Charles R. Schmitter was an American fencer, Olympic and collegiate coach, and professor emeritus of health and physical education at Michigan State University. He was a founder of the National Fencing Coaches' Association (NFCA) and is credited as being a major contributor to the growth of fencing in the Midwest.

==Early career==
Charles Schmitter's fencing career began as a student at the University of Detroit, where he and a friend organized the school's first fencing team. Schmitter became the school's fencing coach in 1929 and remained there until he turned pro in 1938 and accepted a part-time coaching job at Michigan State.

==Michigan State==
Schmitter began his long association with MSU in 1938, and was named the school's full-time fencing coach in 1940. In 1956, he became the first native-born American to win a Maestro's Diploma from the Italian School of Fencing. In 1957, he was named the inaugural "Fencing Coach of the Year" by the National Fencing Coaches Association.

As a coach, Schmitter was known as a fierce competitor who constantly strove to learn about and improve his sport. In the Spartan Sports Encyclopedia, Jack Seibold notes, "In a traditional post-season display of dominance over his pupils, Coach Schmitter single-handedly defeated the nine-man varsity squad, 18-9. His scores were 7-2 in foil, 7-2 in sabre, and 4-5 in epee." According to one student recollection, as late as 1975 "Coach" (then age 67) would keep overly-confident team members' egos in check by standing perfectly still and slowly and steadily advancing his foil point toward their chest; the student was free to parry any way they wished but Coach would evade all attempts while keeping his point in line as required by the rules, inexorably advancing and, at the end of 3–4 seconds, finally touching dead center of the student's chest. In 1982, he developed an early version of the electronic scoring system used in modern Olympic fencing competitions.
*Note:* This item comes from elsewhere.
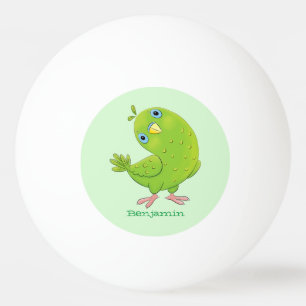 Cute green curious paraket cartoon pingpongbal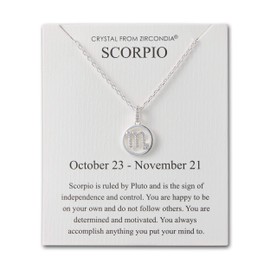 Philip Jones Scorpio Star Sign Zodiac Necklace and Quote Card with Zircondia® Crystals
Schmitter retired as coach in 1984 and was succeeded by former pupil Fred Freiheit. Michigan State relegated its fencing program to club status in 1997.

==International career==
Schmitter was a founding member of the National Fencing Coaches Association and an Olympic Committee member for the 1956 and 1960 Summer Olympics as well as fencing coach for the 1959 Pan American Games.

Schmitter was also president of the Olympic Fencing Committee, coached Olympic athletes, developed and adapted a treatise on fencing, and was a multiple-time Michigan State Champion in all three fencing weapons. He was inducted into the United States Fencing Association USFA Hall of Fame in 1974.

==Legacy==
Charles Schmitter died in his sleep on March 16, 2002. He was survived by his wife, Ruth and their three children. The Great Lakes Sword Club (GLSC) of Michigan held an annual memorial tournament named after Schmitter. GLSC's Annual Schmitter Memorial honored Maestro Charles Schmitter and his many contributions to the sport of American fencing.

In addition to fencing, Schmitter was an accomplished tuba and string bass player and a member of the American Federation of Musicians. He could also speak four languages: French, Italian, and Russian and German.

===Library===
Schmitter started a collection of fencing books during his time at the University of Detroit. He eventually amassed a collection of books spanning nearly four centuries in over a dozen languages from all over the world.

Charles and Ruth Schmitter donated the collection to the Michigan State University Libraries in 1982. With over 500 titles, it was described as second only to the collection held at the Library of Congress.